Dive Brief:
- Chicago-based tech company Basecamp will no longer allow "societal and political discussions" on the company’s internal platform, Jason Fried, co-founder and CEO of Basecamp, announced in a blog post April 26. The company offered severance pay worth up to six months of employees’ salary "for those who cannot see a future at Basecamp under this new direction," David Heinemeier Hansson, a partner at the firm, revealed in a blog post two days later.
- "Today's social and political waters are especially choppy," Fried wrote in explanation of the decision. "Sensitivities are at 11, and every discussion remotely related to politics, advocacy, or society at large quickly spins away from pleasant. You shouldn't have to wonder if staying out of it means you're complicit, or wading into it means you're a target. These are difficult enough waters to navigate in life, but significantly more so at work. It's become too much. It's a major distraction. It saps our energy, and redirects our dialog towards dark places. It's not healthy, it hasn't served us well."
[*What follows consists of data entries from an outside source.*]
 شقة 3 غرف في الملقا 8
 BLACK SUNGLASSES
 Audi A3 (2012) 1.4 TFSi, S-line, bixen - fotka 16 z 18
- News of the company’s decision immediately garnered widespread attention; by that evening, it was among the top trending topics on Twitter. Within days, close to one-third of employees announced their plans to leave the company. While the decision is among a raft of other changes Fried announced in his blog post — including an end to 360 reviews, workplace committees and "paternalistic benefits" — it has received the most discussion, as managers and employees debate the role of political discourse in the workplace. Fried later apologized for the experience, but did not walk back the change.
Dive Insight:
Americans have rarely been as divided as they are now, Pew Research has shown, and employers now find themselves in the position of trying to make decisions regarding political speech that satisfy employees who may be at odds. Casey Newton, a reporter at The Verge, spoke with employees at Basecamp who described the move to end political discourse at work as suppressive and dismissive of employee-led DEI efforts, while Hansson wrote in his blog in response to an earlier Verge piece of a "significant contingency" of employees who had raised "private flags" about an acrimonious culture, but were unwilling to speak openly for fear of being targeted.
The sequence of events surrounding the Basecamp story is reminiscent of that which befell crypto company Coinbase last fall. CEO Brian Armstrong also announced in a blog post that Coinbase would foster an "apolitical culture," also offered a severance package for those who wanted to leave following the new guidelines and also experienced a significant departure of employees.
The approach of Basecamp and Coinbase is one potential pathway for the workplace as both employees and employers have increasingly entered the political fray in recent years. The Society for Human Resource Management highlighted the rise in employee activism in September 2019, noting examples of employee actions at Walmart, Google, and Wayfair. Many companies have stated their support for the Black Lives Matter movement, and the recent passage of a controversial voting law in Georgia has further spurred corporate activism.
While employers have a legal right to ban political talk that isn’t for purposes of collective bargaining or other mutual aid or protection, Steven Bernstein, co-chair of Fisher Phillips' labor relations practice group, told HR Dive last summer, he said that the line between the two situations may be blurry.
"I think a lot of organizations are probably struggling with this same question" of whether to allow or moderate political discussion, Mike Hicks, chief marketing officer of Beezy, told HR Dive. Organizations are increasingly recognizing all employee voices as valid and providing forums such as company-wide town halls to address their questions and concerns, Hicks said, which can be effective for collaboration. "But now it’s transitioning to some of these bigger, global issues," he said.
Hicks suggested that Basecamp may have fallen into the trap of using its own product for every type of discussion, where developing alternative channels of communication might have been better. Stronger, demarcated boundaries could be a solution that doesn’t dispel political talk entirely, but also doesn’t force employees to engage. "It’s about allowing people a forum and place to have those different conversations in an area that is tangential to the professional," Hicks said. "Putting a structure around where it’s OK to have those types of conversations … employees respect that."